Chris: Depending on the type of algorithm you’re choosing, the type of data you have, it is possible to bake some limitations or constraints into a model. That tends to be a very problem specific sort of concept. So generally, we don’t have complete freedom to take any action or do anything to achieve a goal. We have to act within some kinds of guardrails, or we have to act within some kinds of strictures or constraints.

So, it’s important when we’re considering what we’re trying to accomplish, that we choose the right machine learning system or framework to help us accomplish it. And the more precise, the more prescriptive we can get about that problem we have to solve, the easier the task of building that system is going to be.

Ron: And it’s already hard work. So, we want to make it as easy as possible.

Chris: We are powered by caffeine. (laughs)

Ron: So, we’re going to take a quick 20-second break to tell you where you can find out some more information and insights about insurance innovation.
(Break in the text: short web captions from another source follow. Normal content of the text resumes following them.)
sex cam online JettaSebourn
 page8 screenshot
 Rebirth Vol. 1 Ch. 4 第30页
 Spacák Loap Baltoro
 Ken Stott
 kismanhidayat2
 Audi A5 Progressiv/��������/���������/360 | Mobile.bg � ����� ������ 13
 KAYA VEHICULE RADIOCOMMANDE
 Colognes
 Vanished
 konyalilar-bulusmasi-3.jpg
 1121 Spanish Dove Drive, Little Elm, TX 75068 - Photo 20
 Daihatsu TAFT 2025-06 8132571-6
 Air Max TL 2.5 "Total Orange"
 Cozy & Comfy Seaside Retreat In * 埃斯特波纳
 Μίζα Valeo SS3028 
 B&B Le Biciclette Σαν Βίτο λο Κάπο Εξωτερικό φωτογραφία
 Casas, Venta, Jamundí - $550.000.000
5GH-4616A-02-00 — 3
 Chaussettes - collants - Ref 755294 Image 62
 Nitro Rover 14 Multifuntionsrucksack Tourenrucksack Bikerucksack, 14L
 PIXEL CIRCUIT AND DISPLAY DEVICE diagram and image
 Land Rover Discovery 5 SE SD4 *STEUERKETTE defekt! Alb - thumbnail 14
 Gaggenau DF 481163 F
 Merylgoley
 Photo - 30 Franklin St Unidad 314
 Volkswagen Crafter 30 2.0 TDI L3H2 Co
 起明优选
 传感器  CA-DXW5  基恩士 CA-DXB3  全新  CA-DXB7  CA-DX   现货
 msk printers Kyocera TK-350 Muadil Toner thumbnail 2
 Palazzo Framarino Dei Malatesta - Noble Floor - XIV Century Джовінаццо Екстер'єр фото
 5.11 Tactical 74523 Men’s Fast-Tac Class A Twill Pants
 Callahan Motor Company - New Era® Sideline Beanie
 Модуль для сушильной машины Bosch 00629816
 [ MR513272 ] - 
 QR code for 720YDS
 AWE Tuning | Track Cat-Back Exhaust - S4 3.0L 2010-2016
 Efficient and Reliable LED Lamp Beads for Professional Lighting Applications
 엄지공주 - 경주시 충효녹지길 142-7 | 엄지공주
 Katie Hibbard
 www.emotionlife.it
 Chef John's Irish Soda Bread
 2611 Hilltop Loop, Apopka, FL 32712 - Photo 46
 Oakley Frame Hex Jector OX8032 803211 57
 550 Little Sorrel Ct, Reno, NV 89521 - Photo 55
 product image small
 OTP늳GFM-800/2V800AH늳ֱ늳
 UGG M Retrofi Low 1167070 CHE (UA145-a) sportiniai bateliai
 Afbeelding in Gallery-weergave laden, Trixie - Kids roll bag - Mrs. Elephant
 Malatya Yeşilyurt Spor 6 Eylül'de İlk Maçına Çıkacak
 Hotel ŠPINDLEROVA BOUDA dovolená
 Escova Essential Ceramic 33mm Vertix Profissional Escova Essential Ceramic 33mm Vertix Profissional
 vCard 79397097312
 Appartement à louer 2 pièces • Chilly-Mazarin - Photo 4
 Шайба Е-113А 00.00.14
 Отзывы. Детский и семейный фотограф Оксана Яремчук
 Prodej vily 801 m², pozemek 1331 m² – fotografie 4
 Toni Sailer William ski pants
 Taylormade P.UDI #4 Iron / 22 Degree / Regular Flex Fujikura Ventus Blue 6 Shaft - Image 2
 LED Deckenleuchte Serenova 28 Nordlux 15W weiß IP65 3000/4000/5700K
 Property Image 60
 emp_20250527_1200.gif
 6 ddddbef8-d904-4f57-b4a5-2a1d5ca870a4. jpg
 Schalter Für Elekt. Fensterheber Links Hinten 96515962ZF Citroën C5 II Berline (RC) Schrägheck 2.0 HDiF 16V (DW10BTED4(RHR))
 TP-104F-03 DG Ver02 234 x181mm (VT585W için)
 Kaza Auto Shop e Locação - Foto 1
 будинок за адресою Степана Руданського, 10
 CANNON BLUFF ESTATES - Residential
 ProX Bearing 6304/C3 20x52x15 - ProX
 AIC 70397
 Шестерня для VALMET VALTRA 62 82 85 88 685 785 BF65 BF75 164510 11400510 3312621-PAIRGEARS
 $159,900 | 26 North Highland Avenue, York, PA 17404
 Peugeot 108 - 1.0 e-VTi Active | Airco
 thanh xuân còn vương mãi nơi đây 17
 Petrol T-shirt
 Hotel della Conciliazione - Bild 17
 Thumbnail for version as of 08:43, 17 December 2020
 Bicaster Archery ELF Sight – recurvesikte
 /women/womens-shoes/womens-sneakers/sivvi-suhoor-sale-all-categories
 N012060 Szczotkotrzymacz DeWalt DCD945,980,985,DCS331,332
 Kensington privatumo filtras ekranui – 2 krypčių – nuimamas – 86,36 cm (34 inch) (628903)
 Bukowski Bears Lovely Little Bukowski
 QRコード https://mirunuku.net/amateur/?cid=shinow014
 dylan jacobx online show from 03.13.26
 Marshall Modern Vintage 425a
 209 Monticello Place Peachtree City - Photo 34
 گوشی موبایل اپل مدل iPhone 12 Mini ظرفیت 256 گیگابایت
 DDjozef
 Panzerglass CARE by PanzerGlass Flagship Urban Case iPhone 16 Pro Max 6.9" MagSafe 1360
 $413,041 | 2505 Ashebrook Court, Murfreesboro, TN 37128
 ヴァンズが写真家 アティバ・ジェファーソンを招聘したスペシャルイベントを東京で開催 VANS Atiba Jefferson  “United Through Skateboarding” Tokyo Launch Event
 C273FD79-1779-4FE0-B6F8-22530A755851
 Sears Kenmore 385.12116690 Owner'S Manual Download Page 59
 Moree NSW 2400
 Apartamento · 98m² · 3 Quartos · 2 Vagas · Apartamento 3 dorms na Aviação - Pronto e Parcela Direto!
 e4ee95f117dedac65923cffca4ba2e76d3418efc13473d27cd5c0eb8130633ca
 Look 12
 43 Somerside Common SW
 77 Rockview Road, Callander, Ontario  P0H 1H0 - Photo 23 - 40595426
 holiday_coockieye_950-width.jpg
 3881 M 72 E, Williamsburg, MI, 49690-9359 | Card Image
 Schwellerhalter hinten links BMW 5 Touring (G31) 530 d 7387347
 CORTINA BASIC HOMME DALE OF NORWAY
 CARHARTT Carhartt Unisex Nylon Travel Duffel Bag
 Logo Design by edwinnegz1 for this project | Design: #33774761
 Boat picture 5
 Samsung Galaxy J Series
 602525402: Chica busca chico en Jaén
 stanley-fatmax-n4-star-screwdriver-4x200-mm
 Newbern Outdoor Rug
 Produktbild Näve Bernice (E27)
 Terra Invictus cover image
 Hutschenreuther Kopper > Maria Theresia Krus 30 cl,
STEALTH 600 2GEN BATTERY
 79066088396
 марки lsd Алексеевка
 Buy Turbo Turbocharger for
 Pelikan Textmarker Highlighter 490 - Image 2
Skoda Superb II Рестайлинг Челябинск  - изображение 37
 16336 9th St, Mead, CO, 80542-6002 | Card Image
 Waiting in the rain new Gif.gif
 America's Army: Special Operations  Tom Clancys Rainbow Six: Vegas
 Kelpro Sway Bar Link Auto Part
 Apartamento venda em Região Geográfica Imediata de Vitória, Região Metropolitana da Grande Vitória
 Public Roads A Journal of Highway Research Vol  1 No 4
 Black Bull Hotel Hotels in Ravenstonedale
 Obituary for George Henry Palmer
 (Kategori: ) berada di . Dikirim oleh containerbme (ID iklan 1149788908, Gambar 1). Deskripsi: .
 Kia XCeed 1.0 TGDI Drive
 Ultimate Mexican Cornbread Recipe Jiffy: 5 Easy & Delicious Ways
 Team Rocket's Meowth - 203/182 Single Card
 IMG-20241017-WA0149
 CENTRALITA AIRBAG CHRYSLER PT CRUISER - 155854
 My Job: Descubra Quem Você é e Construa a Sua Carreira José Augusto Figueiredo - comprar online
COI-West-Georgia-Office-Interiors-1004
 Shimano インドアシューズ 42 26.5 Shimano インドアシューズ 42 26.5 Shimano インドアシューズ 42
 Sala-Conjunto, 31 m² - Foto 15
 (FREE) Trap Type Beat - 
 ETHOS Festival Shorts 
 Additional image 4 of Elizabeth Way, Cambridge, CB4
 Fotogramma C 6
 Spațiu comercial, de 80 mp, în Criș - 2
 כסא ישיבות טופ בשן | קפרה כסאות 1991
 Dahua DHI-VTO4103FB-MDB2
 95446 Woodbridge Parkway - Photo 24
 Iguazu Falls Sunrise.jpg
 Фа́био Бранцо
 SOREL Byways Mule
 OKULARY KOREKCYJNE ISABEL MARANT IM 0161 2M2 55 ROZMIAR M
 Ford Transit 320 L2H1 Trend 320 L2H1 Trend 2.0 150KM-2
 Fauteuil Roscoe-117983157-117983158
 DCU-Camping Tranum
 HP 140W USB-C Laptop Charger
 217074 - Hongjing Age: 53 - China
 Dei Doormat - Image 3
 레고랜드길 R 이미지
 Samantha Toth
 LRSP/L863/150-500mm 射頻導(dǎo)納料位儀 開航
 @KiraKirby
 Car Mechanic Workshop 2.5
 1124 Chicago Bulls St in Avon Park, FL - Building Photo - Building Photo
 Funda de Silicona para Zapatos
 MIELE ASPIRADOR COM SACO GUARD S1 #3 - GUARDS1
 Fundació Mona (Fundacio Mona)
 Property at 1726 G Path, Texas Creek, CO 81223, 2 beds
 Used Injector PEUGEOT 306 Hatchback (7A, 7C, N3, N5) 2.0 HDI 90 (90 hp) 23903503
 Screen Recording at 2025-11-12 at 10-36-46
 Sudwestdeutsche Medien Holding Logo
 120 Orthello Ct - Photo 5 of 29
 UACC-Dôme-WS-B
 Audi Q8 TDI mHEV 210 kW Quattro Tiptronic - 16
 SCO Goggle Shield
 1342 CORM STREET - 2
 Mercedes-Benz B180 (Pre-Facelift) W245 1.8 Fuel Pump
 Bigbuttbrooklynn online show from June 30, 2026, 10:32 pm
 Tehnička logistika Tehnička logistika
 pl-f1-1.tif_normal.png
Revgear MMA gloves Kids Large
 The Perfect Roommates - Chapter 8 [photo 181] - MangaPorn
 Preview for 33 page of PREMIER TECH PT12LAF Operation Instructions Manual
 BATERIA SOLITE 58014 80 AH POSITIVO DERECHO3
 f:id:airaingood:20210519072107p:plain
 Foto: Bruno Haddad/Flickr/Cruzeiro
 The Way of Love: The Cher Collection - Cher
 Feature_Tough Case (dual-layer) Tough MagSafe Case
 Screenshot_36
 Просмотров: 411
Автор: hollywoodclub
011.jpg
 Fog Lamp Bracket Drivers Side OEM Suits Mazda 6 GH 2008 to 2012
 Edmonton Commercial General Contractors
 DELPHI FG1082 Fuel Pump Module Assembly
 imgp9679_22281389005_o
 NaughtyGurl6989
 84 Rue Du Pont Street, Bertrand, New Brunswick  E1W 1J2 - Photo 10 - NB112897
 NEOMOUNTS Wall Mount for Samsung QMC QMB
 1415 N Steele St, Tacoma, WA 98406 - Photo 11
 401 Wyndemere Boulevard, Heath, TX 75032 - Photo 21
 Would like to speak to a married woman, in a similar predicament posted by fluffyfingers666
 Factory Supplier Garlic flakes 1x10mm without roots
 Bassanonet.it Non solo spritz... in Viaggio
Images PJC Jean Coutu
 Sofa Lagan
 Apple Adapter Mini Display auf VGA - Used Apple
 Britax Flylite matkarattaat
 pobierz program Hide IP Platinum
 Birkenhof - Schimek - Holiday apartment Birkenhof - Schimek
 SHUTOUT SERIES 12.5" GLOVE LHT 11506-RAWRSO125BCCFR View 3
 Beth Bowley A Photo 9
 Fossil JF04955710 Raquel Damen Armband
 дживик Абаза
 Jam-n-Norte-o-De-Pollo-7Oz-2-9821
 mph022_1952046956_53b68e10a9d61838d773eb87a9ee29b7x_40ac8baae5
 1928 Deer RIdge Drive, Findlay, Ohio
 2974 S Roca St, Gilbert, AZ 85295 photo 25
We’ll be right back.

[If you liked this episode of AI Wisdom, subscribe to our blog, Writing the Future: AI in Commercial Insurance at www.chisel.ai/blog for feature articles, interviews, opinions, and more.]

We’re back with our featured guests, Chris Laver. Let’s jump right into the next question. When you hear these words, data mining or we talked about machine learning, but there’s also deep learning. Are there differences between these? Are they synonyms, and do people incorrectly use them?

Chris: So, there are a lot of conflicting definitions and terms in the field of machine learning even with a group of practitioners. You get a group of machine learning experts in the same room and we’ll spend an hour hashing out what we’re talking about before we even really get started. The differences between things like data mining, machine learning and deep learning usually come down to, like I mentioned before, the problem you’re trying to solve. One of the major ways that machine learning gets used, it’s often called data mining or descriptive machine learning. Just like it sounds, we’re trying to describe something. We wanna analyze our data, discover underlying patterns and trends, get some insight. This type of machine learning is used to provide more information to people, to help them make better, smarter decisions by finding those underlying patterns and distributions in your data.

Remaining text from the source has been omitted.